- _Task objective_
Starting at the first line of the material below and stopping after the line that includes "T-shirt Dire Non", write the lines out again exactly. Drop any pictures.

+++ Records provided

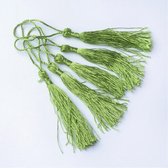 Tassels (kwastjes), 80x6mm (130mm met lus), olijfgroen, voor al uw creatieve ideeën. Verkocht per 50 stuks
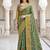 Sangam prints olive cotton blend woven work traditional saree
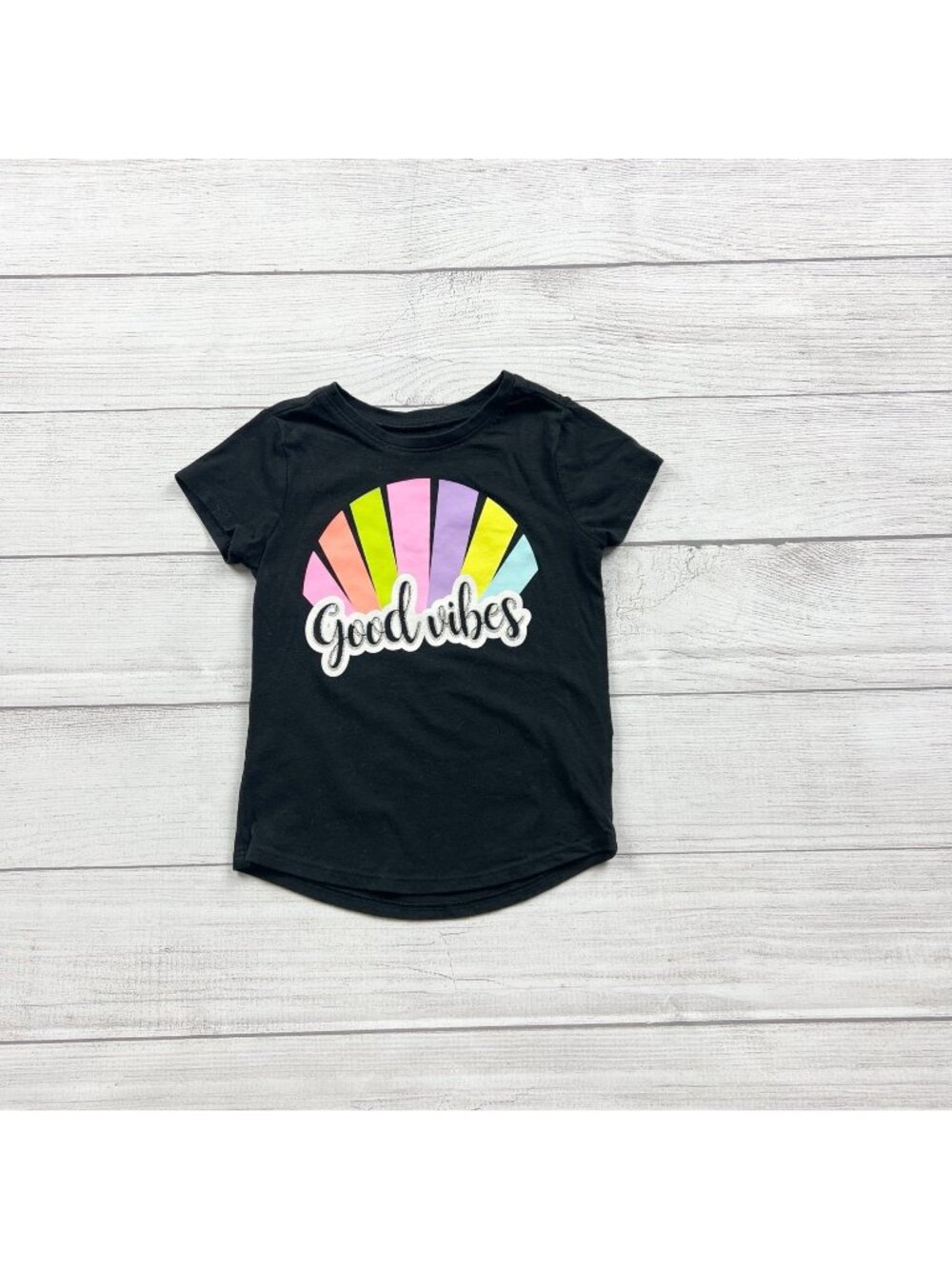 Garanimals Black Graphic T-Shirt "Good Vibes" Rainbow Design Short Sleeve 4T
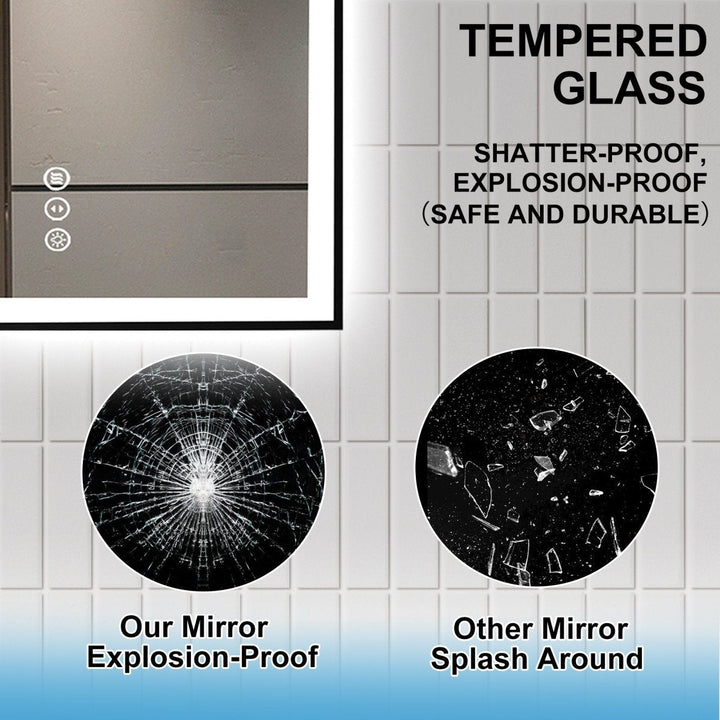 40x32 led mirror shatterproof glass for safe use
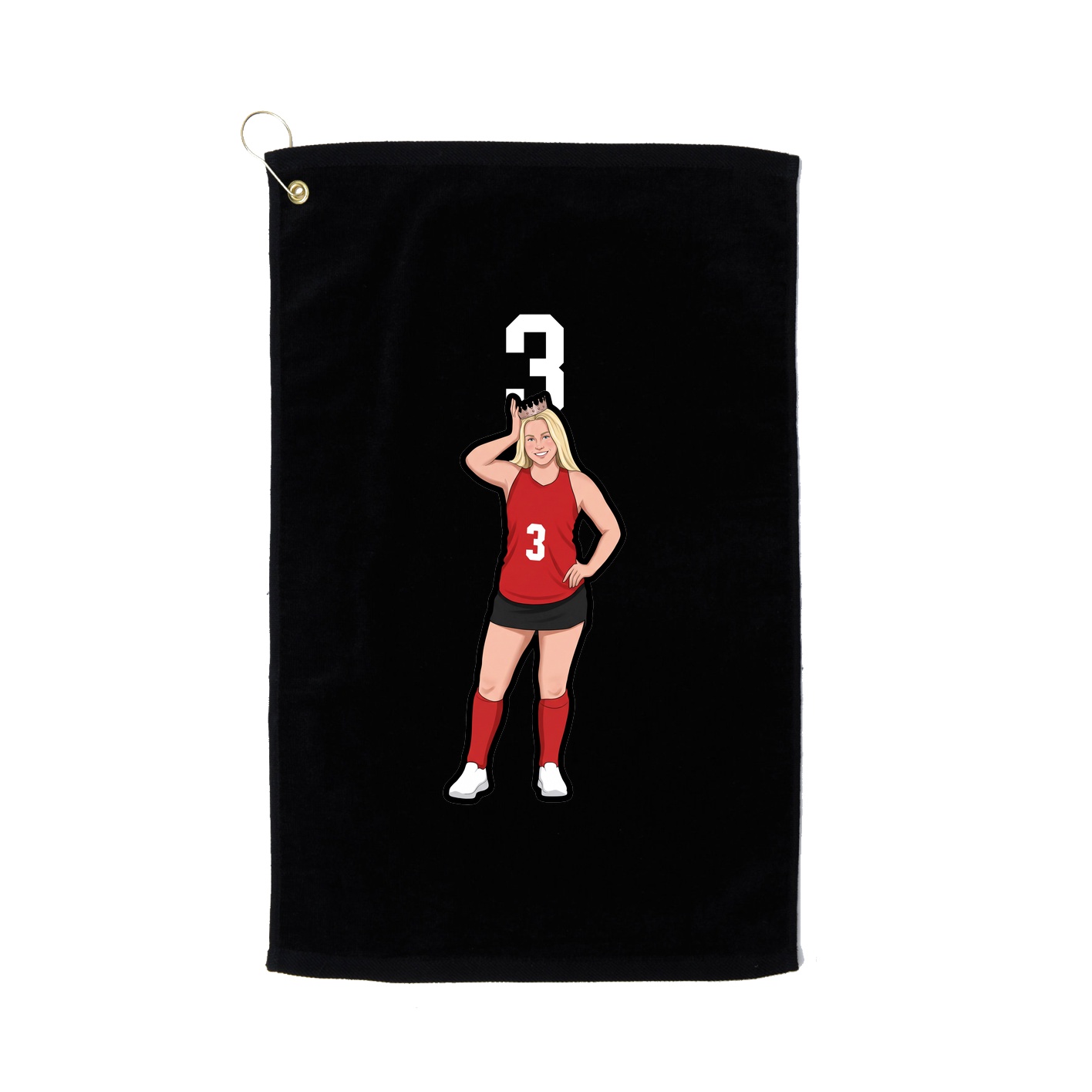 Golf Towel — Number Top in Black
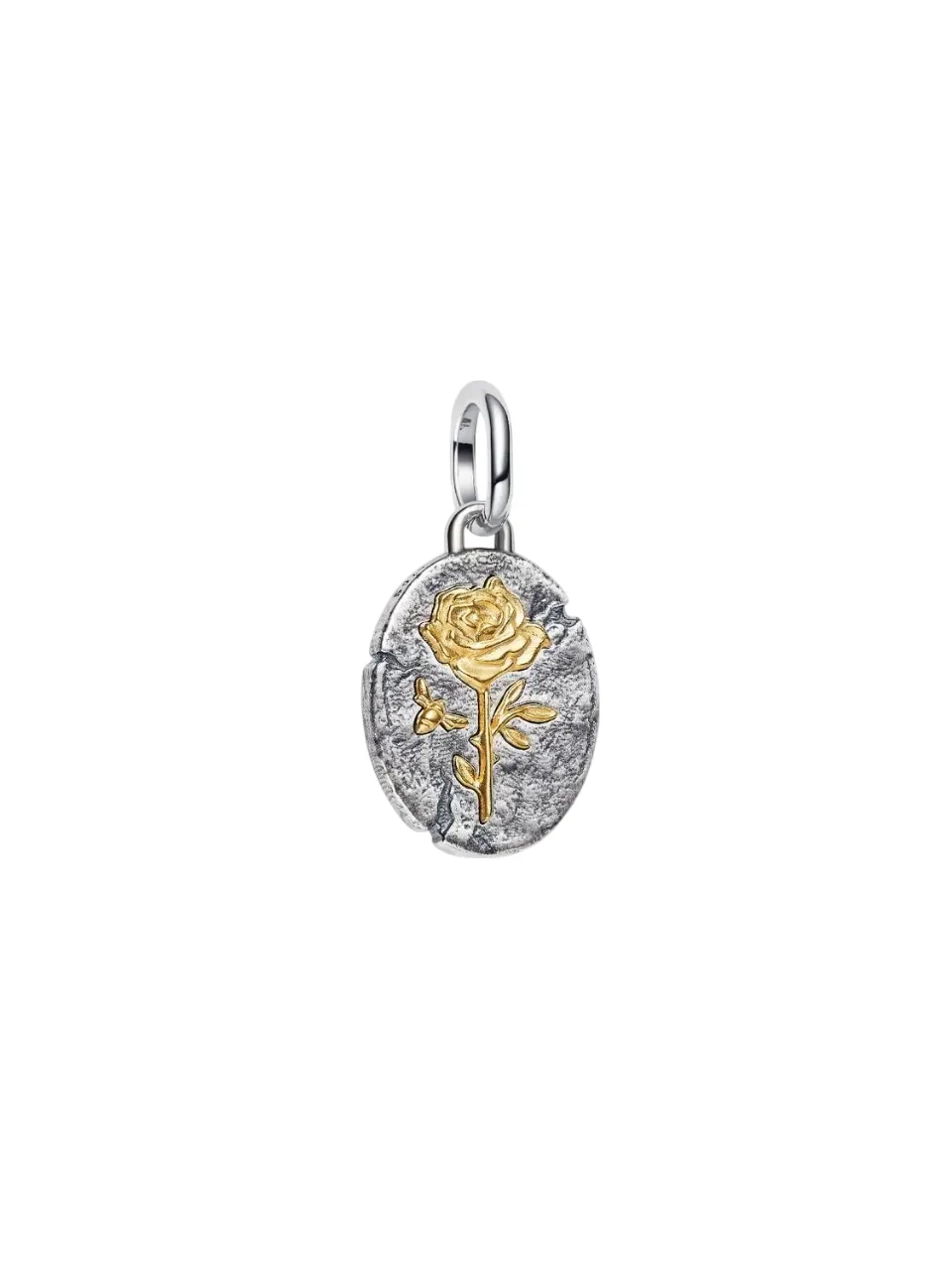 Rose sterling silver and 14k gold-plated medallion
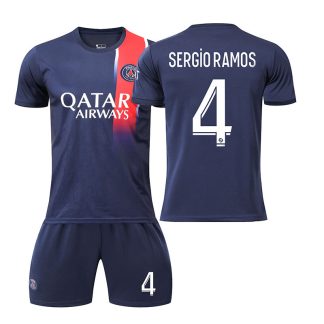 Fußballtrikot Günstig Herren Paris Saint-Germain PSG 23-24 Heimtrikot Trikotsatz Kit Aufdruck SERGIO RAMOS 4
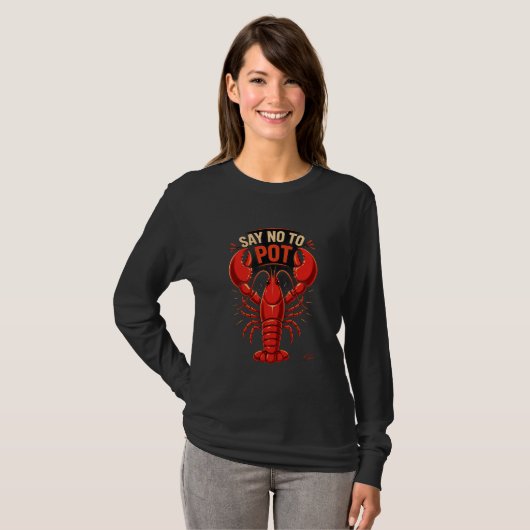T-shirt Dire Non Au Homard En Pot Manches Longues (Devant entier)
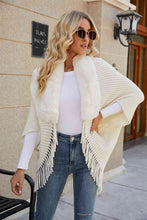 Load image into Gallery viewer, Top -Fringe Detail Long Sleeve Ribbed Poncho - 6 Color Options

++++++

- _Answer box_
 Tassels (kwastjes), 80x6mm (130mm met lus), olijfgroen, voor al uw creatieve ideeën. Verkocht per 50 stuks
 Sangam prints olive cotton blend woven work traditional saree
 Garanimals Black Graphic T-Shirt "Good Vibes" Rainbow Design Short Sleeve 4T
 40x32 led mirror shatterproof glass for safe use
 Golf Towel — Number Top in Black
 Rose sterling silver and 14k gold-plated medallion
 Fußballtrikot Günstig Herren Paris Saint-Germain PSG 23-24 Heimtrikot Trikotsatz Kit Aufdruck SERGIO RAMOS 4
T-shirt Dire Non Au Homard En Pot Manches Longues (Devant entier)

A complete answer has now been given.